Your copy should begin with the line containing "Building Photo - 5804 N Scottsdale Rd", end with the line containing "Vintage Side Table", match the listing below exactly, and contain no pictures.

**INFORMATION PROVIDED**
Start of Block

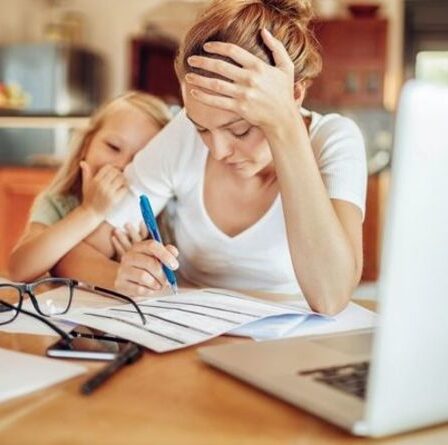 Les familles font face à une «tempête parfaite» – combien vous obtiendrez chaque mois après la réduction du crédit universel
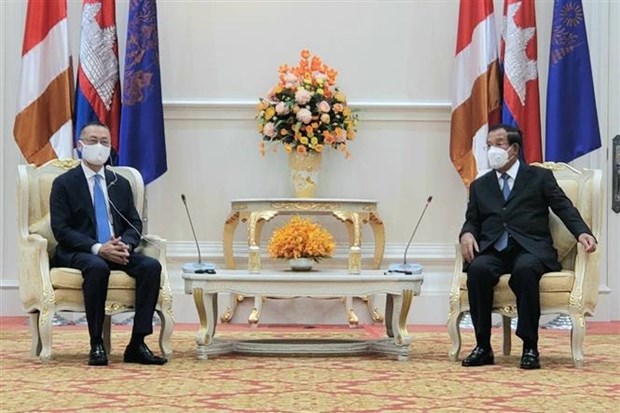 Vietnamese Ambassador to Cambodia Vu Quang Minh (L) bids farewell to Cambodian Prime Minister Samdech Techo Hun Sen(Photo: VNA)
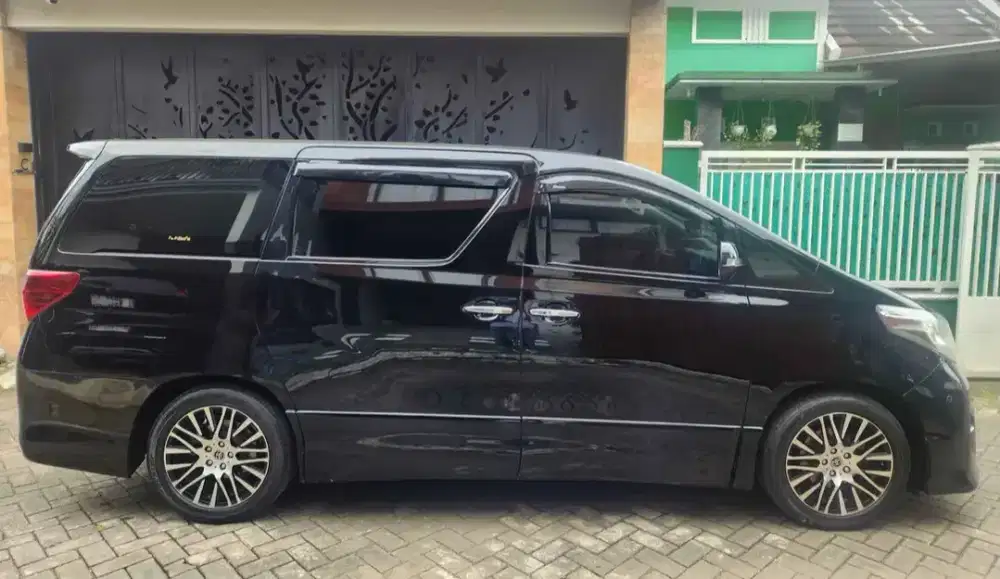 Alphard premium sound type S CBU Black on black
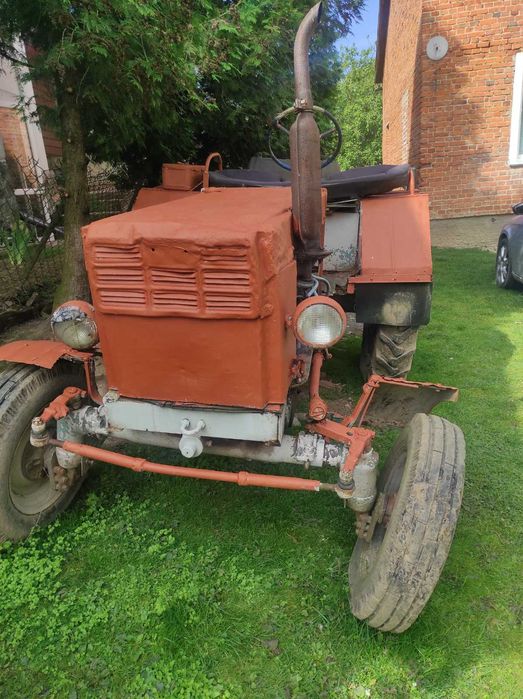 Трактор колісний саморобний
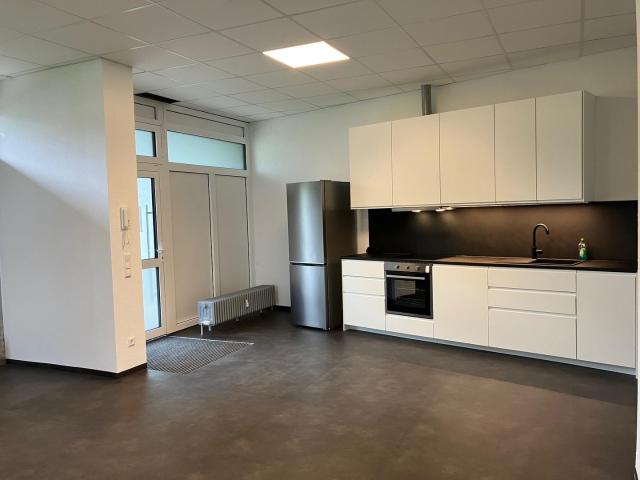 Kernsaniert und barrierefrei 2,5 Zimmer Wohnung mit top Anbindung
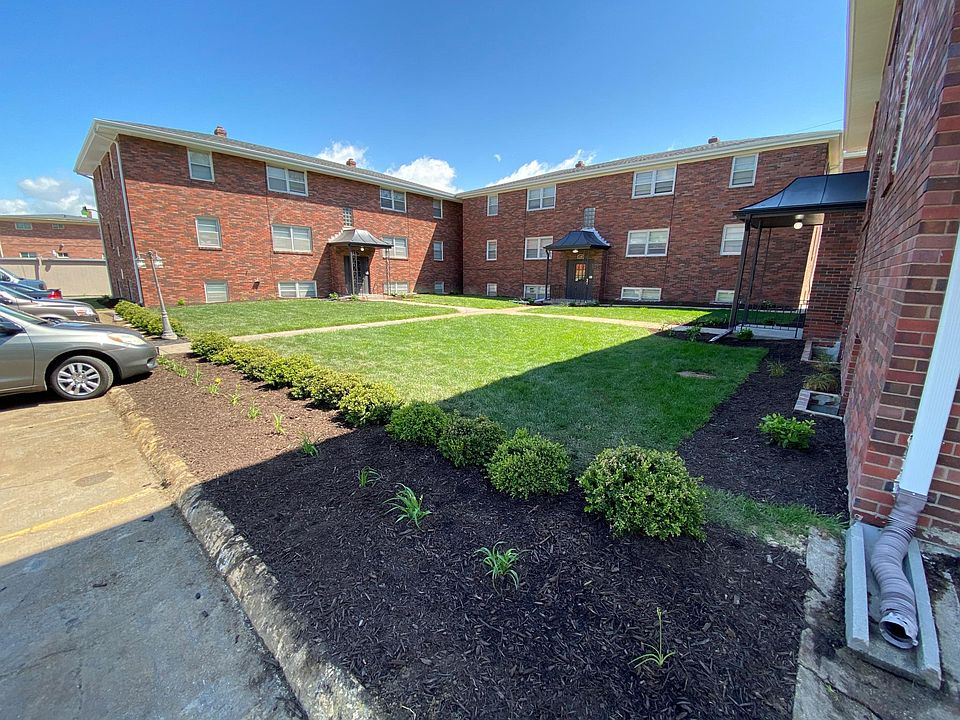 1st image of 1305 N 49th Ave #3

End of Block
Start of Block

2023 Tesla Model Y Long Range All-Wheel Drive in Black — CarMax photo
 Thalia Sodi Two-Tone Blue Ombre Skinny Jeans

End of Block
Start of Block

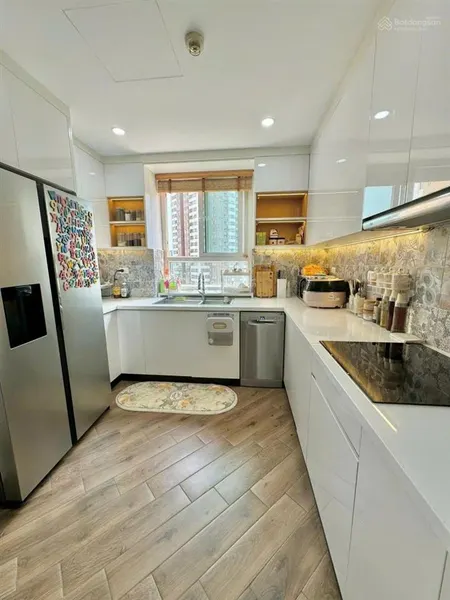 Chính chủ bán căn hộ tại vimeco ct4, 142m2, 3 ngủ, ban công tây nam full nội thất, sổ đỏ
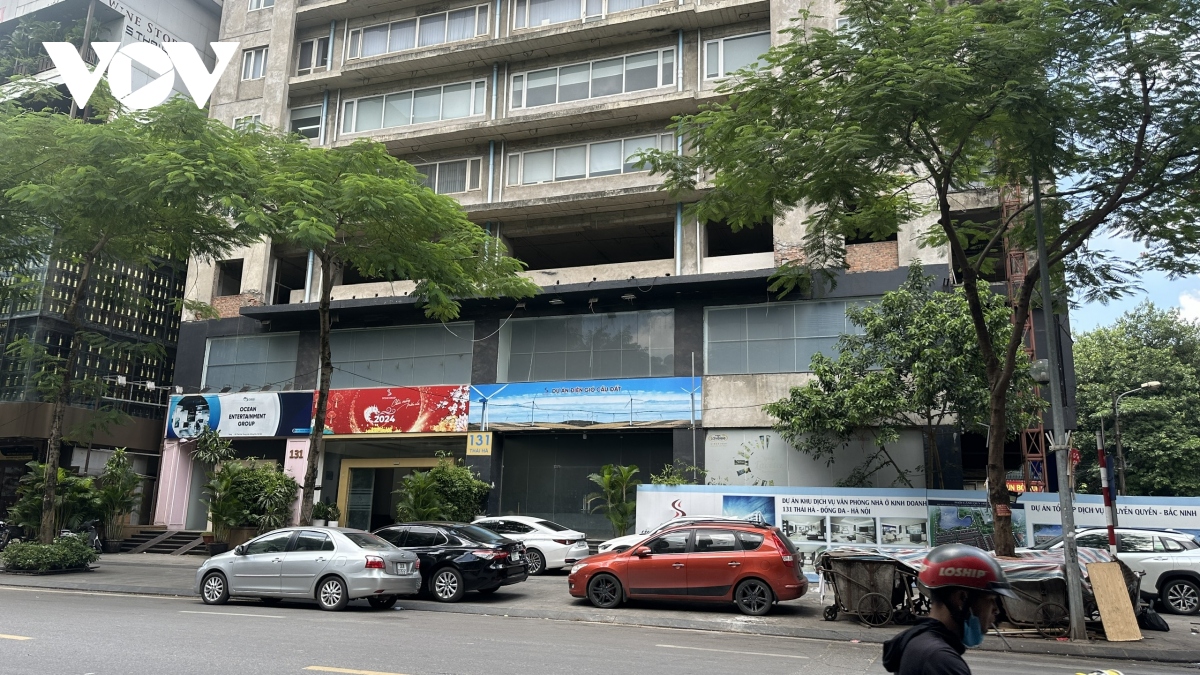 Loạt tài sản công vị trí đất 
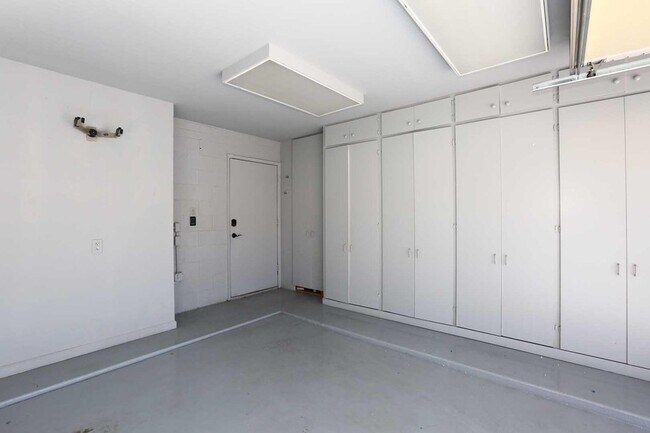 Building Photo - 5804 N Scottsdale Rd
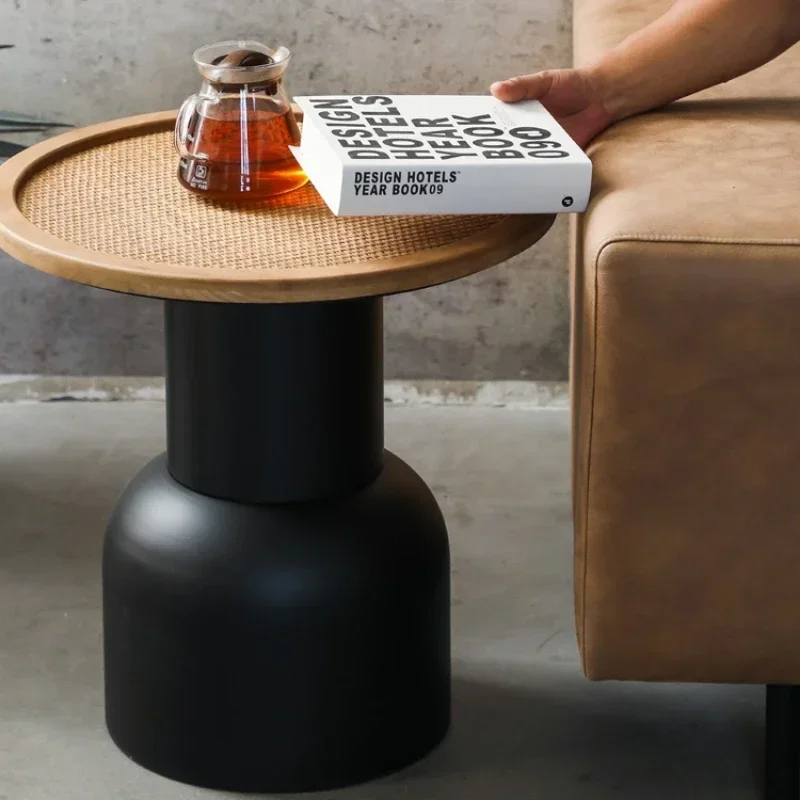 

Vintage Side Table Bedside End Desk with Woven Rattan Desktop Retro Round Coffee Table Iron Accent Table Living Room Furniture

End of Block

**ANSWER TO THIS TASK**
 Building Photo - 5804 N Scottsdale Rd

Vintage Side Table Bedside End Desk with Woven Rattan Desktop Retro Round Coffee Table Iron Accent Table Living Room Furniture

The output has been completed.